Exercise requirements
The data must be reproduced verbatim; images are to be omitted.
=== Section Start ===
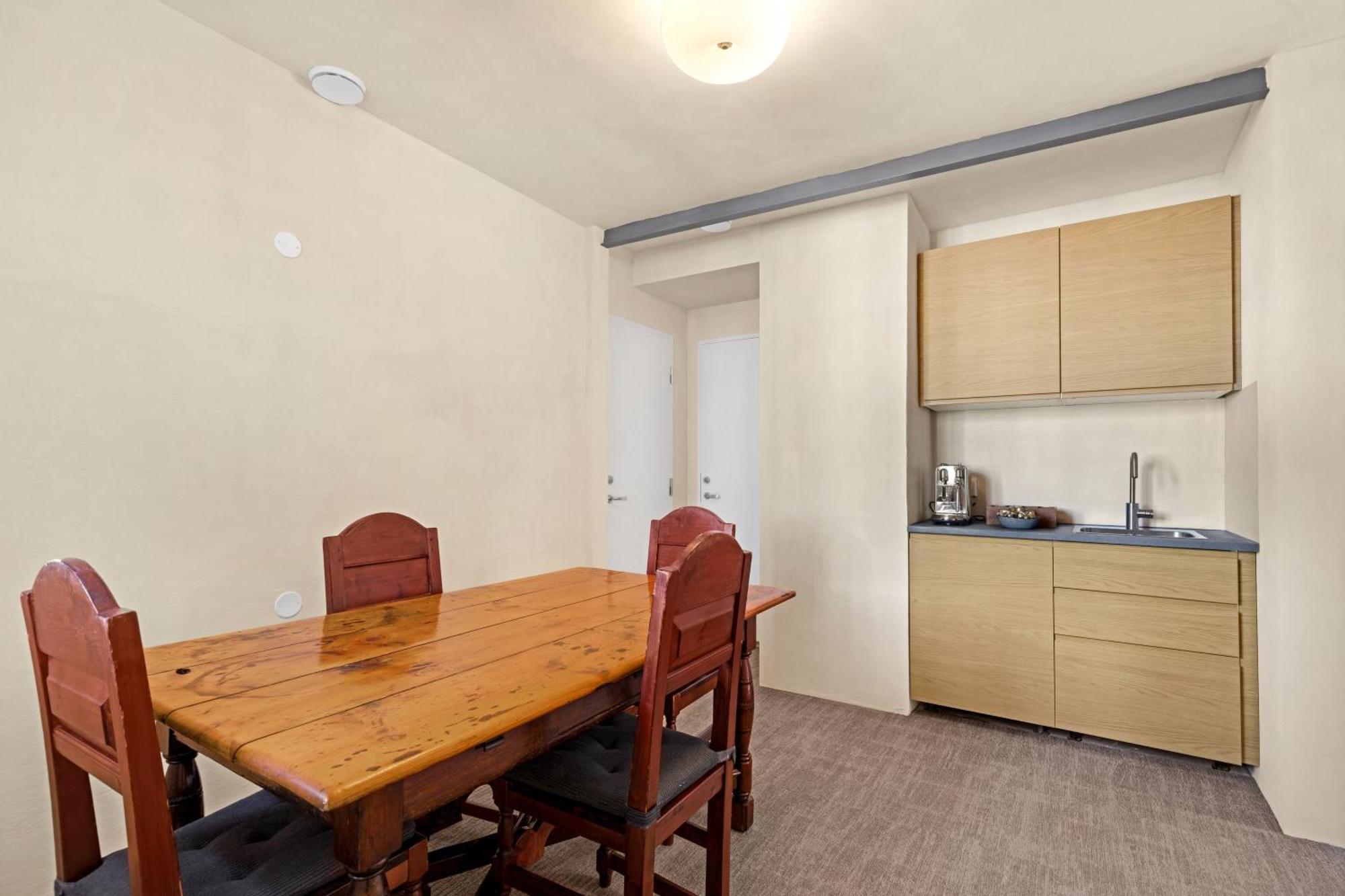 - Bedroom With Private Bathroom Gasthuis *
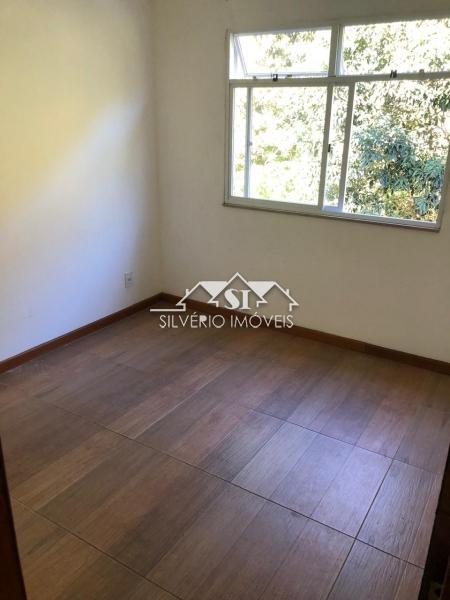 Apartamento em Mosela - Petrópolis/RJ  - 2 Quartos
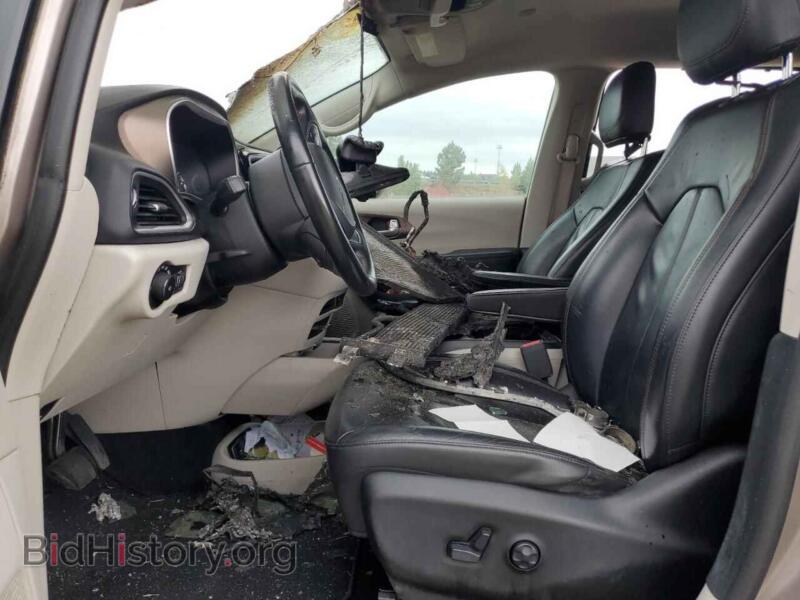 2017 Chrysler PACIFICA (VIN 2C4RC1BG5HR535762) — photo 7 of 14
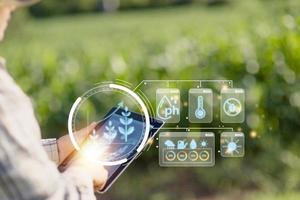 agricultura tecnología agricultor hombre usando datos de análisis de computadora de tableta e icono visual. foto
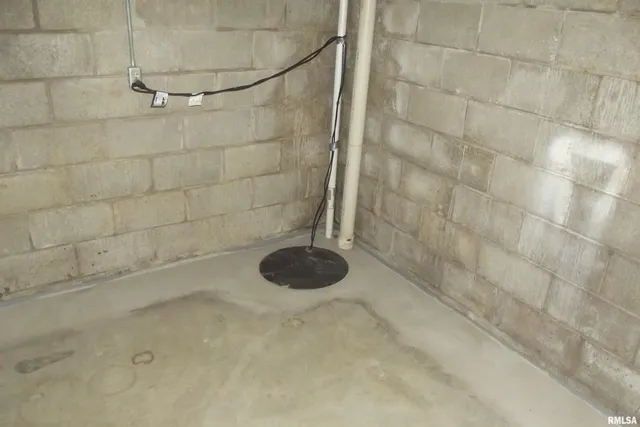 $227,900 | 37 Crestview Drive, Chatham, IL 62629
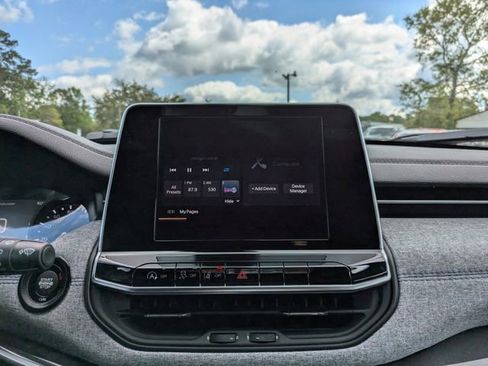 New 2025 Jeep Compass Sport image 18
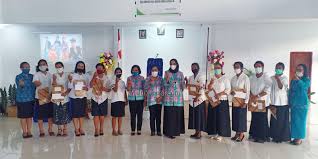 Contoh sk pengangkatan tp pkk desa. Ini Kesepuluh Kelompok Peraih Juara Lomba Antar Dasawisma Ohoi Langgur Maluku Post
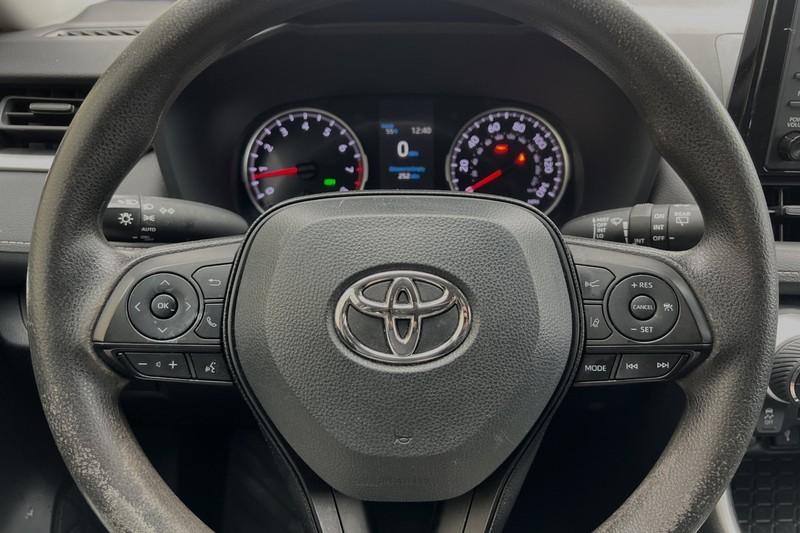Toyota RAV4 Vehicle Full-screen Gallery Image 35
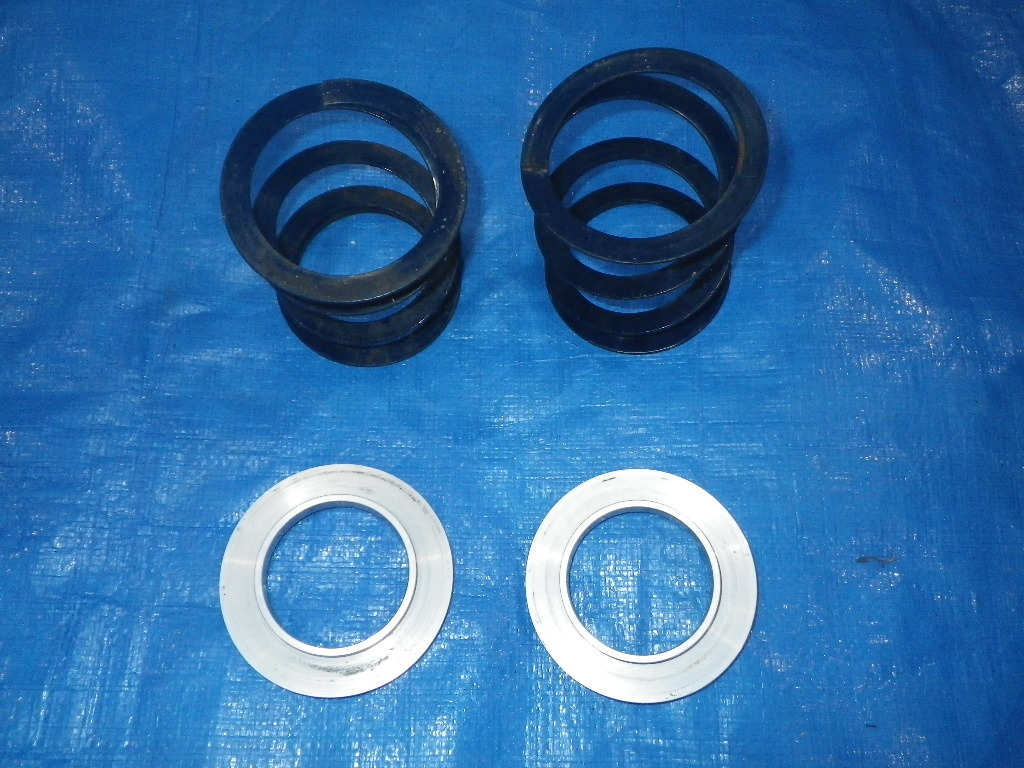 中古ハイパコ　ＩＤ６０ヘルパースプリング＋ヘルパースペーサー各2個で1式　（２）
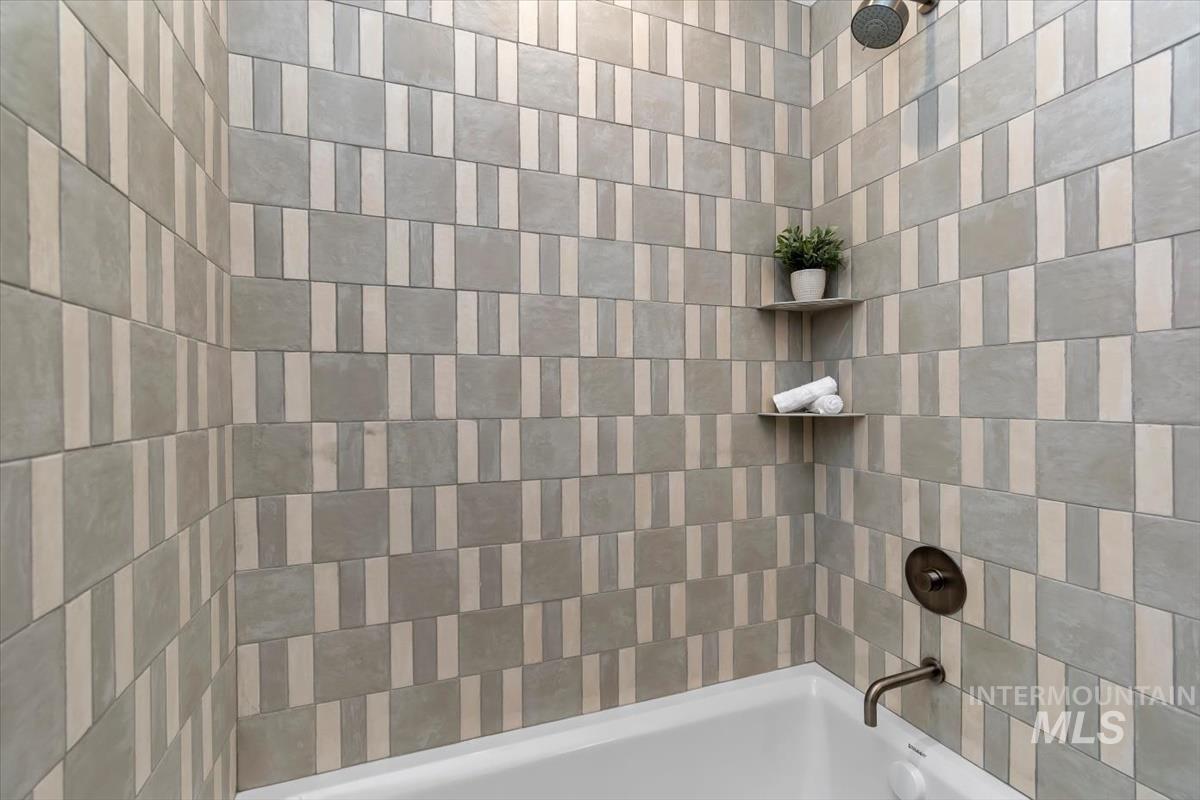 2642 N Palaestra Ave, Eagle, Idaho 83616, 4 Bedrooms, 3 Bathrooms, Residential For Sale, Price $1,249,900, 98982678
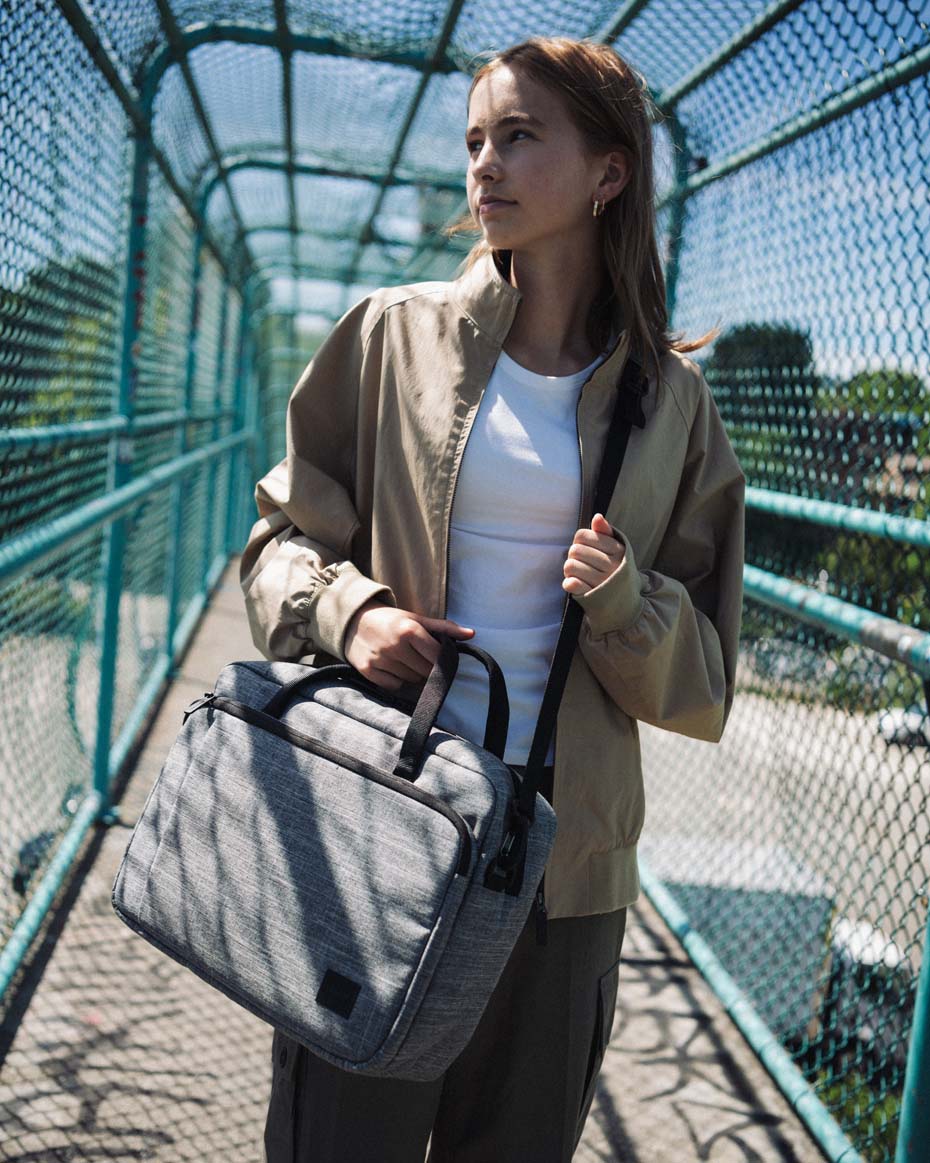 Tech Gibson – Herschel Supply Co. Canada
=== Section End ===
Solution to the exercise
 - Bedroom With Private Bathroom Gasthuis *
 Apartamento em Mosela - Petrópolis/RJ  - 2 Quartos
 2017 Chrysler PACIFICA (VIN 2C4RC1BG5HR535762) — photo 7 of 14
 agricultura tecnología agricultor hombre usando datos de análisis de computadora de tableta e icono visual. foto
 $227,900 | 37 Crestview Drive, Chatham, IL 62629
 New 2025 Jeep Compass Sport image 18
 Contoh sk pengangkatan tp pkk desa. Ini Kesepuluh Kelompok Peraih Juara Lomba Antar Dasawisma Ohoi Langgur Maluku Post
Toyota RAV4 Vehicle Full-screen Gallery Image 35
 中古ハイパコ　ＩＤ６０ヘルパースプリング＋ヘルパースペーサー各2個で1式　（２）
 2642 N Palaestra Ave, Eagle, Idaho 83616, 4 Bedrooms, 3 Bathrooms, Residential For Sale, Price $1,249,900, 98982678
 Tech Gibson – Herschel Supply Co. Canada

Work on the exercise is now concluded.